My first job that required interacting with SQL regularly involved migrating tens of thousands of lines of legacy queries after dozens of columns and tables had been moved and renamed. This process took years. This process could have taken at most a couple of days had no one used table aliases (or at least avoided them when they were unnecessary).
How?
Consider the following query.
select
employeeid,
a.cust,
b.date,
c.first_name,
c.last_name
on employee as a
inner join customers as b
using(transactionid)
left join transactions c
on c.transactionid = b.transactionid
Don't think too hard about it. I made it up and what it does isn't important. Just imagine you were told transactions.first_name and transactions.last_name have moved to transactions_table.firstname and transactions_table.lastname respectively.
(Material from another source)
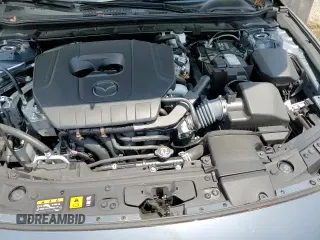 ✅ 2023 Mazda 3 S Carbon Edition • VIN: 3MZBPACM3PM379296 • Лот: 62238005. Опубликован ранее на Copart с пробегом 36 236 миль. Бесплатный доступ к архиву аукционных продаж из США и подробный отчёт об истории автомобиля на DreamBid. Изображение 15.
Meanwhile, transactions_table is indexed on transaction_datetime_id instead of transactionid. Sure, you could spend a couple of minutes backtracking this new query and swapping out transactions for transactions_table, the join involving c.transactionid for c.transaction_datetime_id, and finally firstname and lastname for first_name and last_name respectively.
Now consider the following query.
select
employee.employeeid,
employee.cust,
customers.date,
transactions.first_name,
transactions.last_name
on employee
inner join customers
on employee.transactionid = customers.transactionid
left join transactions
on transactions.transactionid = customers.transactionid
Now imagine making the same changes. It should be immediately clear you can just run a few blind regular expression based substitutions on the query.
transactions.transactionsid => transactions_table.transaction_datetime_id
transactions.first_name => transactions_table.firstname
transactions.last_name => transactions_table.lastname
(?<![A-Za-z0-9.])transactions(?![A-Za-z0-9]) => transactions_table
I'm not the first person to encounter this problem and I won't be the last (the group I met at a company I joined later went through the same painstaking process).
If you want to blame me for being new to heavy SQL at the time, then please note that my predecessor was a 4 year full-time SQL veteran and was the same person that wrote these queries that needed updating. He was already a year into the process of migrating them when he left and I took over. Tremendous resources are wasted because of unnecessary table aliases. Seriously.